After losing to Canada at the 2010 and 2014 Olympics, the U.S. made no secret of its focus on Canada. The 2010 team that was one goal away from beating Canada for gold in Vancouver on NHL-sized ice provided the blueprint in 2016, though several of those players were of course six years older.

Players on every team called Canada the favorite, but the U.S. was alone in constructing a team with the two-time Olympic and world championship winners in mind.

“We clearly put an emphasis on that from day one,” Lombardi said. “What could we have done better here to raise our emotional levels. I think for sure, if you were coming here to win this thing, it clearly goes through Canada.”
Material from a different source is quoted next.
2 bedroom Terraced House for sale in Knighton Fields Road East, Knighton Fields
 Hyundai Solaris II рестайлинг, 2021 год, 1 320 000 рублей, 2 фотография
Canada beat the U.S. 4-2 Tuesday in a game that wasn’t as close as the score. It wasn’t nearly as competitive as two exhibition games against Canada, which Lombardi said might’ve had too much of an impact as Tortorella constantly tinkered with his lineup.

Line juggling prevented the Americans from developing any real chemistry. But Lombardi was more concerned about players not being mentally ready for or respecting Team Europe in the first game and looking ahead to Canada.

“I think even the connotation was ‘Europe,’ so it wasn’t a real team,” Lombardi said. “It was kind of like, it’s not the same as when you’re going up against this is what these tournaments are all about, and that’s the nationalism factor. I think just even the name, you kind of just said, ‘Ah, let’s get through this and get to these guys.’”

Those guys were the Canadians, who went 3-0 and outscored opponents 14-3 in round-robin play and are clear favorites going into the semifinals this weekend. Tortorella doesn’t regret making Canada the focus even as the U.S. goes home.

“We failed,” Tortorella said. “Our thoughts were right at Canada. That’s who teams have to go through to win. We could not out-skill them, and I have to be honest about that. You have to make adjustments. I thought we did it the right way, I thought Dean did it the right way, but the offensive part falls on me to not getting the combination that worked.”